Monthly Archives: November 2014

What are the major components of a personal relationship with the Christian God?

It seems increasingly obvious to me that Christianity – by and large – centrally isn’t about abstract theorizing but rather about an on-going personal relationship with the divine – what Christians call a triune God.

What are the components of this relationship?

First, there are certain personal experiences which are central to many people’s relationships. A core experience of the Christian type is what is often referred to as the ‘light of the indwelling Holy Spirit’. This is typically something that is felt at a time, but then has medium- and long-term affects on the person’s behaviour and beliefs. The at-a-time experience is often characterized as a feeling of light, goodness, love, or connection. Connection to what? To something like the Christian God.

These sorts of experiences are often then connected to other experiences – of nature, for example, where the latter experiences now ‘patch into’ the former experience, such that they are made sense of or informed by it, and so in a way become part of it.

Second are intuitions, which direct a Christian. These intuitions often come in response to a question a Christian will pose to God.
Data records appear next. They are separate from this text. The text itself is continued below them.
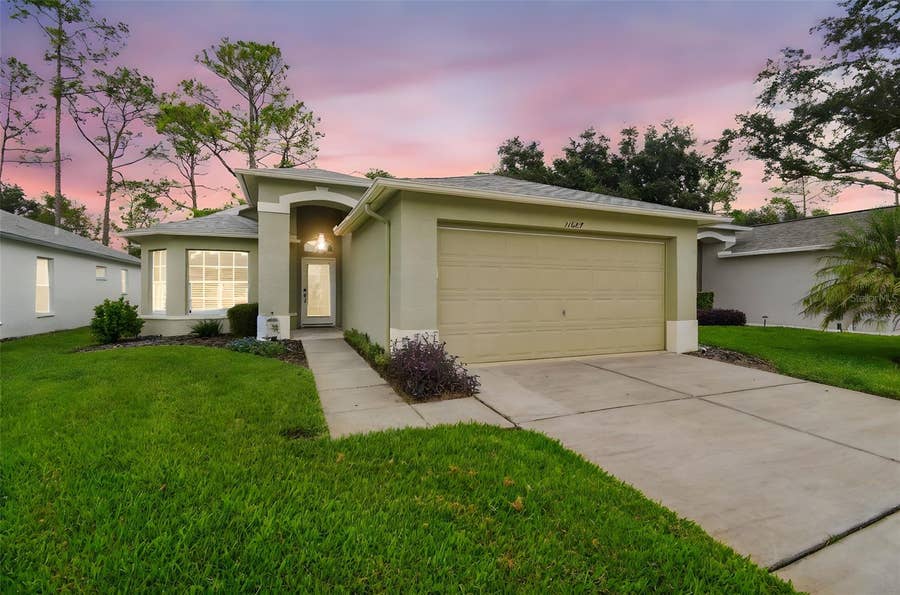 Property photo for 11647 WHEATFIELD LOOP, Hudson, FL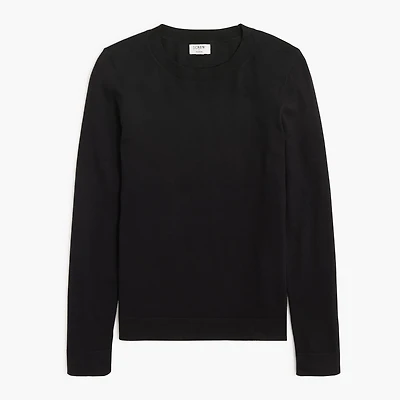 Cotton Teddie sweater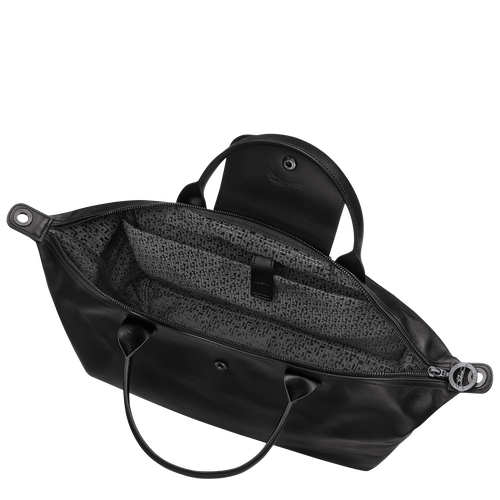 Longchamp 2025 pliage leder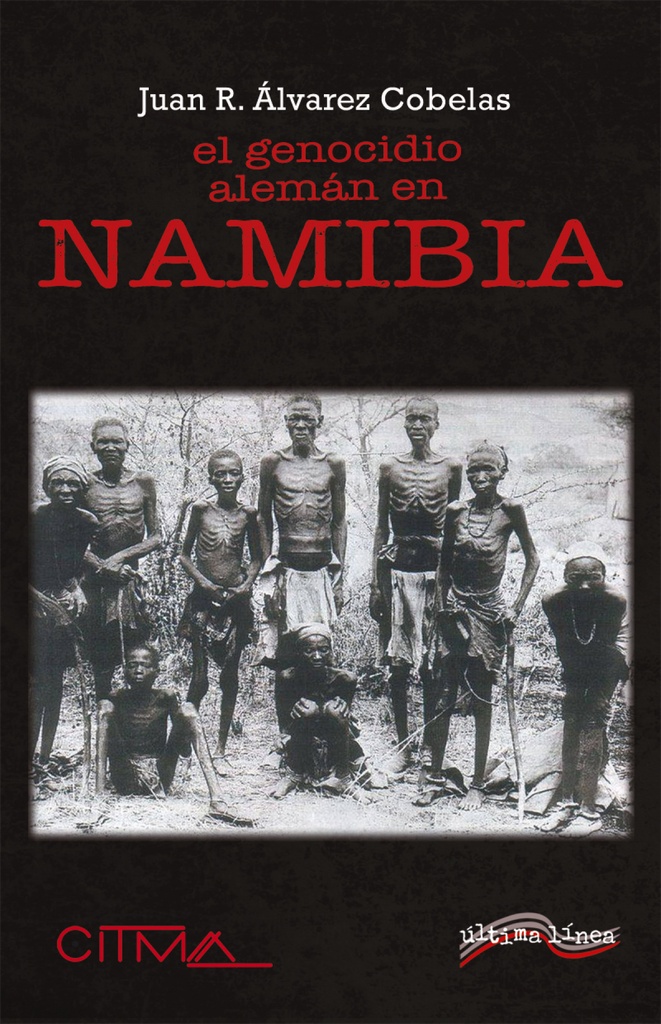 El genocidio alemán en Namibia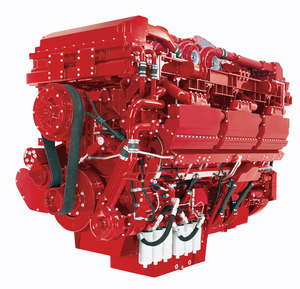 Cylinders 5.9L 4 Stroke Diesel <strong>Engine</strong> for Cummins ISBE185 30 4ISDe <strong>4.5L</strong> 185hp for Excavator Loader Bulldozer Grader Tractor - Product Image 2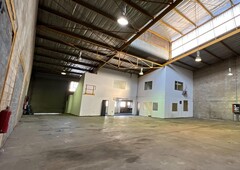 567m² Warehouse To Let in Kya Sand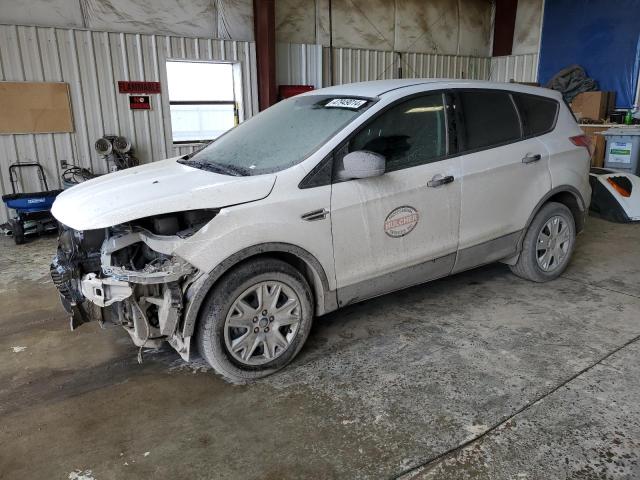 2016 FORD ESCAPE S - 1FMCU0F74GUB16516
Reading the intuitions is part of the practice of discernment – as with any practice, it is a build up of skills. For example, where to go, whether to take a job, what to say in a specific situation, and so on. Sometimes, these intuitions are dramatic, other times more quotidian.

Third are what I have referred to as non-chance coincidences. These are things that happen, that seem unlikely given conventional secular modes of explanation. These are related to the topic of synchronicities in more secular psychology. Sometimes, these non-chance coincidences are signs, that is they seem like a response to a particular implicit or explicit question the Christian might have for God. A Christian will sometimes have the experience of ‘aligning’ with these non-chance coincidences, and having a large number of them start to occur in a relatively short period.

All three of these are, in a sense, kinds of experiences. I think these sorts of experiences are the main engine of Christian belief – it’s to a large extent why people are Christians. It’s important to note that these are empirical, testable, and useful.